Thursday, April 5, 2012

Gleanings in the Godhead - 1. The Solitariness of God


by A.W. Pink

Revised: February 14, 2005

Part 1: Excellencies Which
Pertain to the Godhead as God


1. The Solitariness of God


Perhaps The Title of the chapter is not sufficiently explicit to indicate its theme. This is partly because so few are accustomed to meditate upon the personal perfections of God. Comparatively few who occasionally read the Bible are aware of the awe-inspiring and worship-provoking grandeur of the divine character. That God is great in wisdom, wondrous in power, yet full of mercy is assumed by many as common knowledge. But to entertain anything approaching an adequate conception of His being, nature, and attributes, as revealed in the Scripture, is something which very few people in these degenerate times have done. God is solitary in His excellency. "Who is like unto Thee, O LORD, among the gods? who is like Thee, glorious in holiness, fearful in praises, doing wonders?" (Ex. 15:11).

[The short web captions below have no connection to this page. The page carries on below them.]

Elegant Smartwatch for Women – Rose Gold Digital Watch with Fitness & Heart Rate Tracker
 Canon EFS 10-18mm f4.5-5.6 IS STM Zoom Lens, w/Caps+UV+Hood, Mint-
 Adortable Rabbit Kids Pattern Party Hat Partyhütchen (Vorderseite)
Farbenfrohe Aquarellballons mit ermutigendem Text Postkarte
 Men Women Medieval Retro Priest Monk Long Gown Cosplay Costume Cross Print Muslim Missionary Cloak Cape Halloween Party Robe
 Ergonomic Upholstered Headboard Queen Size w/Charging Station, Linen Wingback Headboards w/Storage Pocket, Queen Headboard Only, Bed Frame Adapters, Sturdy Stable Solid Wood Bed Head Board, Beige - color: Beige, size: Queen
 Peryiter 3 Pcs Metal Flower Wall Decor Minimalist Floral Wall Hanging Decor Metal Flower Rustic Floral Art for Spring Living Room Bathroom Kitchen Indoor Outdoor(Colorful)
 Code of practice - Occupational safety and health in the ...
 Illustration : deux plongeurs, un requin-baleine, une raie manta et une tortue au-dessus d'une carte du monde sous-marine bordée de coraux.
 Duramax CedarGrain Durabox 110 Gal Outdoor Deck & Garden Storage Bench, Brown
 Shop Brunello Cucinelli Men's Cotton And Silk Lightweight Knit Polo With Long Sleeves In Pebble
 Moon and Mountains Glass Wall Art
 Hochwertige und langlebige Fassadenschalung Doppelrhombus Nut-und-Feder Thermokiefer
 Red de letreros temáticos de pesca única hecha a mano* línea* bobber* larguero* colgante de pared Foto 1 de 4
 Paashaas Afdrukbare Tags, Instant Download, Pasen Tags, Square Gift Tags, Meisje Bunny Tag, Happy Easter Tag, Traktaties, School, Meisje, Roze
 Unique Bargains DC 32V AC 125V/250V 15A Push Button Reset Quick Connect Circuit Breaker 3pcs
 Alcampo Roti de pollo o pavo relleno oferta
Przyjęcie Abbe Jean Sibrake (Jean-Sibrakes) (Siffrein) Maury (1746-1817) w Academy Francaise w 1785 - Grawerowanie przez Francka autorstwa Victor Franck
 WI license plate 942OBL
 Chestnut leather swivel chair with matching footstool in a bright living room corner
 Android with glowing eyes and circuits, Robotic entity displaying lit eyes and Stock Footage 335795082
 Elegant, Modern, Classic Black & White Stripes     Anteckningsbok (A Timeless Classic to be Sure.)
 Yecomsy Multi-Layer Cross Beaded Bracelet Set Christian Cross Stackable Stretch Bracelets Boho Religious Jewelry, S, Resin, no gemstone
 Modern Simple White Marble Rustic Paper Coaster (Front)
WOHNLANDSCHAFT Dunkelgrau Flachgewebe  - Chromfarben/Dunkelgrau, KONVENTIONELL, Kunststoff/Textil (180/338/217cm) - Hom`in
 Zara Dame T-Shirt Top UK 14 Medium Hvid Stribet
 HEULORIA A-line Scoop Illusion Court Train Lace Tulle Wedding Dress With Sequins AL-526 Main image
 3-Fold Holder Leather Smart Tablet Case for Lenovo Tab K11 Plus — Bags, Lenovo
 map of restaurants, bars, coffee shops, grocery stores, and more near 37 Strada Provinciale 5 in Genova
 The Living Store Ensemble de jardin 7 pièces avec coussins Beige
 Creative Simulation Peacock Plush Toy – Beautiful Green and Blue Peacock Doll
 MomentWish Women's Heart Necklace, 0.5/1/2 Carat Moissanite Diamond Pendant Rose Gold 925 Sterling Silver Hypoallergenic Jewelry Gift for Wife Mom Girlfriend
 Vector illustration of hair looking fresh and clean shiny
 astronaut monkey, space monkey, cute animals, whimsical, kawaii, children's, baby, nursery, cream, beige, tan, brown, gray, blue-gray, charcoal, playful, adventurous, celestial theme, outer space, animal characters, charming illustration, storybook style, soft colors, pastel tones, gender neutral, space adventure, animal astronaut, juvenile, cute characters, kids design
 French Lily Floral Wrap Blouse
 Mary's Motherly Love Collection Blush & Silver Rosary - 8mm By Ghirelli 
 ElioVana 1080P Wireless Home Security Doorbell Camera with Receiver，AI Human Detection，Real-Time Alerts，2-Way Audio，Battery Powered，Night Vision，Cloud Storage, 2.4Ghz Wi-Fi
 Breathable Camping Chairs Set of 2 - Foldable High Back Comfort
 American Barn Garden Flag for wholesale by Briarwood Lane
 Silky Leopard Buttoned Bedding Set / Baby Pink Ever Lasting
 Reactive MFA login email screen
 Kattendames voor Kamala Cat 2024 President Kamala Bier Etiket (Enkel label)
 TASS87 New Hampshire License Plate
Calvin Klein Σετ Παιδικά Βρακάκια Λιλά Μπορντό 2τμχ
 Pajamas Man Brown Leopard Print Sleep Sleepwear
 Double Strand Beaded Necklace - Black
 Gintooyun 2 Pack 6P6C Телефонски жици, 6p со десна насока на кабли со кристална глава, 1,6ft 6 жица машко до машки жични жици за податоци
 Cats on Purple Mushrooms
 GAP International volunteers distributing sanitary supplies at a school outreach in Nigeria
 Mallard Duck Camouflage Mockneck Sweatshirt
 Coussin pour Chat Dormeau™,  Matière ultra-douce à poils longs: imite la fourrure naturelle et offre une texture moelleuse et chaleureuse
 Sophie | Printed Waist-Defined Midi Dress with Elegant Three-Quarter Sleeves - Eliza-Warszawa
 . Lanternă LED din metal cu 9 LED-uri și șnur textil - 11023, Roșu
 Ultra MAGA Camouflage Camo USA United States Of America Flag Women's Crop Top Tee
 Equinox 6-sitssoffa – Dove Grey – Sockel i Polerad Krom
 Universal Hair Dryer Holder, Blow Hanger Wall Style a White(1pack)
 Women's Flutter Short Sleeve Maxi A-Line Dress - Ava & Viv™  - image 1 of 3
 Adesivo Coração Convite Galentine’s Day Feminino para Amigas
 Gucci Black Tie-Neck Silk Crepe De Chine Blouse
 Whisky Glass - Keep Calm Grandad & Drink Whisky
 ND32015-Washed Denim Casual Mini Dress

"In the beginning, God" (Gen. 1:1). There was a time, if "time" it could be called, when God, in the unity of His nature (though subsisting equally in three persons), dwelt all alone. "In the beginning, God." There was no heaven, where His glory is now particularly manifested. There was no earth to engage His attention. There were no angels to sing His praises. There was no universe to be upheld by the word of His power. There was nothing, no one, but God; and that not for a day, a year, or an age, but "from everlasting." During a past eternity God was alone—self-contained, self-sufficient, in need of nothing. Had a universe, or angels, or humans been necessary to Him in any way, they also would have been called into existence from all eternity. Creating them when He did added nothing to God essentially. He changes not (Mal. 3:6), therefore His essential glory can be neither augmented nor diminished.

God was under no constraint, no obligation, no necessity to create. That He chose to do so was purely a sovereign act on His part, caused by nothing outside Himself, determined by nothing but His own good pleasure; for He "worketh all things after the counsel of His own will" (Eph. 1:11). That He did create was simply for His manifestative glory. Do some of our readers imagine that we have gone beyond what Scripture warrants? Then we appeal to the Law and the testimony: "Stand up and bless the LORD, your God, for ever and ever; and blessed be thy glorious name, which is exalted above all blessing and praise" (Neh. 9:5). God is no gainer even from our worship. He was in no need of that external glory of His grace which arises from His redeemed, for He is glorious enough in Himself without that. What was it that moved Him to predestinate His elect to the praise of the glory of His grace? It was "according to the good pleasure of His will" (Eph. 1:5).